═══ INFORMATION SUPPLIED ═══
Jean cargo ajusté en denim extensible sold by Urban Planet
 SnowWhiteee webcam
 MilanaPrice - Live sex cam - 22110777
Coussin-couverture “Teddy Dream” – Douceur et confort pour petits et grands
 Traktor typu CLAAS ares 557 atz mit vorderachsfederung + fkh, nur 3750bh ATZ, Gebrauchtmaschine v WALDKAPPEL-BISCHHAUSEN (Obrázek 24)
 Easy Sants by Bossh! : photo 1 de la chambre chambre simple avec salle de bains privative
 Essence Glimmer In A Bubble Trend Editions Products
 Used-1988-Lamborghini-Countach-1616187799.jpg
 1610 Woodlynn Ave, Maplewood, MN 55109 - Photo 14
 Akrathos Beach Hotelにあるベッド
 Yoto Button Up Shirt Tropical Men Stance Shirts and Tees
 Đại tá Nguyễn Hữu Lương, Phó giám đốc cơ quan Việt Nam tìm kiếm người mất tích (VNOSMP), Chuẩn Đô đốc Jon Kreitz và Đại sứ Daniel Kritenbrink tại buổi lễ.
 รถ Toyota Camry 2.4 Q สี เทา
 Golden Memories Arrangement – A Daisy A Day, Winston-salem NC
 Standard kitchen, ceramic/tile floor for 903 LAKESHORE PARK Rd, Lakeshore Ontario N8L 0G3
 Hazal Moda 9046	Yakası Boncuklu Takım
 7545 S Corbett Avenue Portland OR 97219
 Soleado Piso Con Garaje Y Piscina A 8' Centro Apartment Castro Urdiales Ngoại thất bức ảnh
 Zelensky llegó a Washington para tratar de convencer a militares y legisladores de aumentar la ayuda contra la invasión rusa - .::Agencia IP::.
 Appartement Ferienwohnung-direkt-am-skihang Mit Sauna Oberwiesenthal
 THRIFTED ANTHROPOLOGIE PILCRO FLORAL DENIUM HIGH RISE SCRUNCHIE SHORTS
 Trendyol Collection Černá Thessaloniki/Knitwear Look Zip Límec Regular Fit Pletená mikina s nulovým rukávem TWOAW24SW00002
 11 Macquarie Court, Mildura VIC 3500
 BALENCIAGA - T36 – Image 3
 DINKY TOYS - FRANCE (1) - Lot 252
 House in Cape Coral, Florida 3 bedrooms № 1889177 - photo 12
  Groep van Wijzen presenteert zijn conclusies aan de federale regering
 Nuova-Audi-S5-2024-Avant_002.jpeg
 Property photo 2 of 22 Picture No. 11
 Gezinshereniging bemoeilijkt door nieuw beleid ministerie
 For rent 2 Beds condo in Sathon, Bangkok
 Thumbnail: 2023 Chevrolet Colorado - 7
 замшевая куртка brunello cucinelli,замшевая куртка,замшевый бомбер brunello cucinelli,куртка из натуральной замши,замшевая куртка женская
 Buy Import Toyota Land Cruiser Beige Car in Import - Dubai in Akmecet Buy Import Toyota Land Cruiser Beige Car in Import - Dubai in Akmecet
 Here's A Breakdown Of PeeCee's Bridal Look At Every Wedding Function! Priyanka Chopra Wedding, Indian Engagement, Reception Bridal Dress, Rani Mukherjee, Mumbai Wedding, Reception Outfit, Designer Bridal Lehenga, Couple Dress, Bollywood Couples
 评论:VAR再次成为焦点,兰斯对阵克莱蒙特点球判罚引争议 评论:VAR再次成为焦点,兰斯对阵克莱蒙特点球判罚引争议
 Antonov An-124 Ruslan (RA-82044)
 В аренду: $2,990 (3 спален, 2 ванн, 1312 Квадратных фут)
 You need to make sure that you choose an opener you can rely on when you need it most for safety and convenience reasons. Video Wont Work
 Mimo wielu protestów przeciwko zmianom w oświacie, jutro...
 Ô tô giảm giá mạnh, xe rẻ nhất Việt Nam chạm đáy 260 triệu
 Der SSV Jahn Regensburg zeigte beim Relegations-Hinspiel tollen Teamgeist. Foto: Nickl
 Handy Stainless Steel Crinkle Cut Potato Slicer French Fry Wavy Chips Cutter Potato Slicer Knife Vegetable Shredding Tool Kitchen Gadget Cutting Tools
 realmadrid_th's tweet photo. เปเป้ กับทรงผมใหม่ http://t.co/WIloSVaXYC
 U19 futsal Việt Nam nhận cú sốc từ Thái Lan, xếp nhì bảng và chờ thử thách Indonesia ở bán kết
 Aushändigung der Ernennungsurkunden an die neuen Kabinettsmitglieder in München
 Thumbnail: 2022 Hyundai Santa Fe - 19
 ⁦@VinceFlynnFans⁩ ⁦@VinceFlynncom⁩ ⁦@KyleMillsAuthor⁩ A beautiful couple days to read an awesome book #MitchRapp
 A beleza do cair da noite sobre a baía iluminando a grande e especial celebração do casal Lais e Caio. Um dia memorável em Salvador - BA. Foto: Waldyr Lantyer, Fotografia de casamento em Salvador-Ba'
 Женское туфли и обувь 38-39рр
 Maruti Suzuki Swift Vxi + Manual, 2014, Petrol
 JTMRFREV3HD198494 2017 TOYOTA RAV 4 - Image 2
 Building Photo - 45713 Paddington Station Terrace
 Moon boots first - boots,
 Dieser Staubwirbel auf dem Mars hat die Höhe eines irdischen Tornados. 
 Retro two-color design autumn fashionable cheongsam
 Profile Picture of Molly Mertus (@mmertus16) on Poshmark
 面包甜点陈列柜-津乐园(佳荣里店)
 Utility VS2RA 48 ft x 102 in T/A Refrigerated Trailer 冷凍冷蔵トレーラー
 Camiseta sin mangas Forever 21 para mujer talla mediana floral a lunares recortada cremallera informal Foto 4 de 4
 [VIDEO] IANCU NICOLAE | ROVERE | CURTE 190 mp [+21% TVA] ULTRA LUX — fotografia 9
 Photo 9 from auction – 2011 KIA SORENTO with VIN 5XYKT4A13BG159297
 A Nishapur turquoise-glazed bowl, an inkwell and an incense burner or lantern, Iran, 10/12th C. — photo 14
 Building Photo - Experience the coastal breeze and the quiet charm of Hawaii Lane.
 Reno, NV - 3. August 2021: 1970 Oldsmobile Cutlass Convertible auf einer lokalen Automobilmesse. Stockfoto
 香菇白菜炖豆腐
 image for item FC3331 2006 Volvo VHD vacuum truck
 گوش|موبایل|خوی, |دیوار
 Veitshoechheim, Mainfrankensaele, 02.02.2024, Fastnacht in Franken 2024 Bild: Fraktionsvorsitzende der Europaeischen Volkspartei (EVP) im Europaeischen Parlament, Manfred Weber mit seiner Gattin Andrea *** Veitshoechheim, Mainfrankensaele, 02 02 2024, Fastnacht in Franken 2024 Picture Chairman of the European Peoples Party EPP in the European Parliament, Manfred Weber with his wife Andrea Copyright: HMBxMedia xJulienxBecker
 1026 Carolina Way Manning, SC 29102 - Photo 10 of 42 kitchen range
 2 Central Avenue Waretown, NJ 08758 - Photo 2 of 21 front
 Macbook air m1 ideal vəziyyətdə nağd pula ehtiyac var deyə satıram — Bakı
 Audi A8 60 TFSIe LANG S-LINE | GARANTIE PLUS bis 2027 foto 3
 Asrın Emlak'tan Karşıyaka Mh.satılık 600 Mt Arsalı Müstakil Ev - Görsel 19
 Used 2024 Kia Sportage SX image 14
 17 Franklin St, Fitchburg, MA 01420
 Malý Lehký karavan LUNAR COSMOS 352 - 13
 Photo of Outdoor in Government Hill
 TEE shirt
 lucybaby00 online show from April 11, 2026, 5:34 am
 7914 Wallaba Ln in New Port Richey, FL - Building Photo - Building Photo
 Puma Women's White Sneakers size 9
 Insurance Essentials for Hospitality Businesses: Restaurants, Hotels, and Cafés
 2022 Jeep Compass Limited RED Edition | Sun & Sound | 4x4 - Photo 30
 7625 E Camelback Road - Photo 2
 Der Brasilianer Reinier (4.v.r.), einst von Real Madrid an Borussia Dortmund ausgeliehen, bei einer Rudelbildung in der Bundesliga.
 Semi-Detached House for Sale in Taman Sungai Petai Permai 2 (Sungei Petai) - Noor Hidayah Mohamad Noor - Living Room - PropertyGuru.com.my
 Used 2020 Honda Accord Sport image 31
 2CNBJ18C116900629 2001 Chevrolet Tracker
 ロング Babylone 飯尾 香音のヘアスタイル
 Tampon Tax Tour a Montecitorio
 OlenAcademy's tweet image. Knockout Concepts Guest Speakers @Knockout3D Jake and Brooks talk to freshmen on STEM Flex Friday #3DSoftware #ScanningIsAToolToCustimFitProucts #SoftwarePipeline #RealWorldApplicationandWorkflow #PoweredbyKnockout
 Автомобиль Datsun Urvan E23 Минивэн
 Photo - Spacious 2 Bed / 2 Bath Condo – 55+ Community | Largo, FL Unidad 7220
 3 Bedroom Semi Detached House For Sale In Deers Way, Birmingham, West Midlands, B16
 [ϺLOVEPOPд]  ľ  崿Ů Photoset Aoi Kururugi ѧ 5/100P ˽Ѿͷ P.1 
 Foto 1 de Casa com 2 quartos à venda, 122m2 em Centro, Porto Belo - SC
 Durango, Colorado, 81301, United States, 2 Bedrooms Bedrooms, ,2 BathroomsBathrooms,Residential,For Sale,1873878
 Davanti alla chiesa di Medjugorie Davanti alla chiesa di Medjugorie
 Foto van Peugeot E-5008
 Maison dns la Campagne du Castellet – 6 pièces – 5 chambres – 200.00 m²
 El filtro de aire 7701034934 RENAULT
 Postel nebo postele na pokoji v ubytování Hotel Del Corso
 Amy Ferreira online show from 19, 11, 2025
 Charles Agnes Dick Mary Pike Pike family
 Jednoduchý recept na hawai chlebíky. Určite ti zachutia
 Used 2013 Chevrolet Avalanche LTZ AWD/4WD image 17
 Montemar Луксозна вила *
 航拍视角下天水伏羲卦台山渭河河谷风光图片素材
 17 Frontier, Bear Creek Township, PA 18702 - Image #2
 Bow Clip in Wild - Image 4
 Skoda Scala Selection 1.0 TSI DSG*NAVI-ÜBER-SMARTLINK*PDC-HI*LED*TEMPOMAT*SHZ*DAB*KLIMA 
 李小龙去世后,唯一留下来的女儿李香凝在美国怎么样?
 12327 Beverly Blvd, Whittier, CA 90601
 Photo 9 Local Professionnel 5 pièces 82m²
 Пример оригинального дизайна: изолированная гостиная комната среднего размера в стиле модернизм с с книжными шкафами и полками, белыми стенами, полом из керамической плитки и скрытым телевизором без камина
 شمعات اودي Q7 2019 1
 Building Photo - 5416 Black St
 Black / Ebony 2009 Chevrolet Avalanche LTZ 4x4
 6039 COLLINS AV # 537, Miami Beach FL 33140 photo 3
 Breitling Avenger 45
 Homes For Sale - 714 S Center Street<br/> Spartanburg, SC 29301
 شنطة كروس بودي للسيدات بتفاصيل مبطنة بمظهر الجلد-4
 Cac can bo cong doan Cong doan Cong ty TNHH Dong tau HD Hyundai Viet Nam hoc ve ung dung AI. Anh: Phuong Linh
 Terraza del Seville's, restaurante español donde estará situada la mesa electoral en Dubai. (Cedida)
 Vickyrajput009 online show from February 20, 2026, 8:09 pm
═══
● **PROBLEM TO SOLVE**
Go through the entries and filter for lines holding the word "Black"; copy each match.

● **THE ANSWER**
 Building Photo - 5416 Black St
 Black / Ebony 2009 Chevrolet Avalanche LTZ 4x4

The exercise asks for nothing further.